Among the entries, which lines carry the string "Picture"? Copy each of them.

*Stored items*.
□ □ □
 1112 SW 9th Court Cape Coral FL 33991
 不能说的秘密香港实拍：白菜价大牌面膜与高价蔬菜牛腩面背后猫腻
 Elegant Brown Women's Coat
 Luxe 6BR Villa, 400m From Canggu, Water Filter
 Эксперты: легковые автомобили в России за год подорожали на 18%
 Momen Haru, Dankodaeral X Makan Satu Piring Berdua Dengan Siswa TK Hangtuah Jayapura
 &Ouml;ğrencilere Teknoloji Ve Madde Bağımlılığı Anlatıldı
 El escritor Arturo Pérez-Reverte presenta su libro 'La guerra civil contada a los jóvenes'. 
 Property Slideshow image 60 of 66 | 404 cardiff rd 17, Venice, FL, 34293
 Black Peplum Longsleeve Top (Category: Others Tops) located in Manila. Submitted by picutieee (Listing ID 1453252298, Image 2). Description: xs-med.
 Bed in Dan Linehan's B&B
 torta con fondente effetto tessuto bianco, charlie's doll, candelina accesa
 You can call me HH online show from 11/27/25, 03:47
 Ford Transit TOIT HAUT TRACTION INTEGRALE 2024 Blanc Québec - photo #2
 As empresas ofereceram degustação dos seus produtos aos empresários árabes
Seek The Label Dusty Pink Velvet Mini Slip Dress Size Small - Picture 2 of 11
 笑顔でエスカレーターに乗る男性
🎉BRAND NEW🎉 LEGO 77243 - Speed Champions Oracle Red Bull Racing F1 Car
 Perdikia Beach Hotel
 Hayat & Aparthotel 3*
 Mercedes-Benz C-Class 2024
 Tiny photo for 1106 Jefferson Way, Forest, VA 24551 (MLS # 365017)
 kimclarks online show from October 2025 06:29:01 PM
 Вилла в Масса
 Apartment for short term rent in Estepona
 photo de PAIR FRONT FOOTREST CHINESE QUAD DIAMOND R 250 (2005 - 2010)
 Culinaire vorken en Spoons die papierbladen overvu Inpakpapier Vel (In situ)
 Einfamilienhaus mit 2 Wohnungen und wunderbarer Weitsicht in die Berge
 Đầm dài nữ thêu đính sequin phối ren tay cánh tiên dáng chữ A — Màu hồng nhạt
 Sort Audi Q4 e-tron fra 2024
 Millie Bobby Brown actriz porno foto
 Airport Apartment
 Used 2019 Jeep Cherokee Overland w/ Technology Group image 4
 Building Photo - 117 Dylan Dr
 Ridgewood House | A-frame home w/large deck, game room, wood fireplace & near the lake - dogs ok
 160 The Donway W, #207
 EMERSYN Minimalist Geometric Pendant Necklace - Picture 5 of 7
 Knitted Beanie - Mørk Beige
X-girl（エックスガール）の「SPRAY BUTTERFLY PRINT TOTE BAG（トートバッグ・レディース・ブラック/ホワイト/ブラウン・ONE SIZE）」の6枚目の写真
□ □ □
*ANSWER TO THE PROBLEM*.
Seek The Label Dusty Pink Velvet Mini Slip Dress Size Small - Picture 2 of 11
 EMERSYN Minimalist Geometric Pendant Necklace - Picture 5 of 7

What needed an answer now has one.